Hi,
I want to merge multiple .fastq.gz files (forward/Reverse), and using following command:
zcat dir1/ETH002281_ACAGTG_L00*_R1_00*.fastq.gz dir2/ETH002281_ACAGTG_L00*_R1_00*.fastq.gz dir3/ETH002281_ACAGTG_L003_R1_001.fastq.gz | gzip > dir4/ETH002281_ACAGTG_Lall_R1.gz
Although it run fine but it takes huge time as I am able to run it on single node, I want to run it on multiples nodes as I have access of 15 nodes with 8 cores each. It would be great if I get idea how to merge multiples fastq.gz files using various computational nodes in order to finish the job earliest using maximum computational power of nodes. Thanks
Thank you for response. I'll try pigz while using zcat | gzip. True, cat command is much faster(approx 40X) in comparison of gcat|gzip but i want to avoid it just as it doesn't compress merged files, expecting size differences in GBs of final merged files.

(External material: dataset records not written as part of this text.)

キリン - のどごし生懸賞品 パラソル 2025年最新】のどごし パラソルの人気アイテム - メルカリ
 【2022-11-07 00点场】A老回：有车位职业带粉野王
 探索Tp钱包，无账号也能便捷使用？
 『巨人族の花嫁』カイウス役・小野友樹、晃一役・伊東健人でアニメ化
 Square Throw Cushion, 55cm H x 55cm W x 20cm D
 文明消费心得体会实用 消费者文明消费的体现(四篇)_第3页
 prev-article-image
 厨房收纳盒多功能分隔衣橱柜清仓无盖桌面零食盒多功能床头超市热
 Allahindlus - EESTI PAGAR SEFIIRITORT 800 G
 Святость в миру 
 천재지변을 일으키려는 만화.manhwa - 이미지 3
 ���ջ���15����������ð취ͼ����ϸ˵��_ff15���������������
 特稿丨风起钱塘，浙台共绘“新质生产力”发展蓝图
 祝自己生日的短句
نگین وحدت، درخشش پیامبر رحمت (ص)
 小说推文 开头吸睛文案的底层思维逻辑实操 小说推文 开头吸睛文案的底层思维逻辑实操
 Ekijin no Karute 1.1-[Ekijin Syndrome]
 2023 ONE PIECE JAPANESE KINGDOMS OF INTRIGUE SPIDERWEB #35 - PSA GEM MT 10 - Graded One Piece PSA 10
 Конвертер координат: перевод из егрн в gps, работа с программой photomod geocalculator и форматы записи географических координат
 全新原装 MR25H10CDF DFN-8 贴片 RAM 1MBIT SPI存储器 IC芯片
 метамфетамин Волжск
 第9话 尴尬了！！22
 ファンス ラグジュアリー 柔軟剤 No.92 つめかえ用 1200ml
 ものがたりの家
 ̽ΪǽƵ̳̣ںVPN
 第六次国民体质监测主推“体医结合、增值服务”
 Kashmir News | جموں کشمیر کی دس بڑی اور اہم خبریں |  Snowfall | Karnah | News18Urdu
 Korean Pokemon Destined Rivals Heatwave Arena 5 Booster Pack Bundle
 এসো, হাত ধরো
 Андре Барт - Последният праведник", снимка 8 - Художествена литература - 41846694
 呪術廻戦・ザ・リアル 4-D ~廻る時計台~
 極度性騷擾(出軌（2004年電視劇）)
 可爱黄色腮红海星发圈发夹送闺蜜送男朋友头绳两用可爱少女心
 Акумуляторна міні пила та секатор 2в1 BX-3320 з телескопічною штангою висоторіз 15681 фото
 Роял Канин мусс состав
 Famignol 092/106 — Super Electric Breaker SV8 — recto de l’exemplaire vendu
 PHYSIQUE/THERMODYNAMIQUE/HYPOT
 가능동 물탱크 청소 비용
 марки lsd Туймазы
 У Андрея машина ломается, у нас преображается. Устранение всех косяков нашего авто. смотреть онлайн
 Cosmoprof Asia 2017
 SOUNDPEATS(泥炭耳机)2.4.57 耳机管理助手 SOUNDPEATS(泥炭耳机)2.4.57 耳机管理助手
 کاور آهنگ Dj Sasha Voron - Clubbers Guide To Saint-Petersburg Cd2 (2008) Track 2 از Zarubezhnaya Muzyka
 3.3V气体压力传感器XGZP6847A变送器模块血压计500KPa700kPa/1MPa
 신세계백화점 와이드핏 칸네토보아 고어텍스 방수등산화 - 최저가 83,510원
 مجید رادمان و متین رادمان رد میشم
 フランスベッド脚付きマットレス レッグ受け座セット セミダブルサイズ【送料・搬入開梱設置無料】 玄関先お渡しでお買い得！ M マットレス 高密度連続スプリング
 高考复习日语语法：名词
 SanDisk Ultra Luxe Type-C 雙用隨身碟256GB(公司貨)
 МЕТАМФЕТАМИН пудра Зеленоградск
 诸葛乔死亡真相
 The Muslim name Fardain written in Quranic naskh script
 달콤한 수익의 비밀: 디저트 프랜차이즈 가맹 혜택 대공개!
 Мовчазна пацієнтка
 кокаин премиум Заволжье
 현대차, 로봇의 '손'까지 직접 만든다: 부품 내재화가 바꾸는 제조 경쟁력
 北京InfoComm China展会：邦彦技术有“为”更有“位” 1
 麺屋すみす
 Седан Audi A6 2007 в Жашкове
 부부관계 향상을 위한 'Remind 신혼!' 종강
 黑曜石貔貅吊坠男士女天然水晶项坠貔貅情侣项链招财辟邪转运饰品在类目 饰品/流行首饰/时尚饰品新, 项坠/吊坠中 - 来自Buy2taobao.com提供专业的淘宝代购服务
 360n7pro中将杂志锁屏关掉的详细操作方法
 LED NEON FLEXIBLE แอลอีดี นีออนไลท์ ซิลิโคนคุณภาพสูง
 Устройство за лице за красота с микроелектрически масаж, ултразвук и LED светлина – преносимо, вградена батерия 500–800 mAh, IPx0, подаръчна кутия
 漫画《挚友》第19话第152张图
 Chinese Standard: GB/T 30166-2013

You can concatenate gzipped files and the result is still a valid compressed gzipped file; I don't really see any reason to avoid that. The difference in compression would be negligible compared to recompressing it unless you have millions of tiny files.
I agree that
cat
-ing gzip files is the best solution here. However, I vaguely remember that, strictly speaking, a gzip file produced by concatenating individual gzips is not "valid" since the footer of the concatenated files does not represent the whole file but only the last gzip file concatenated.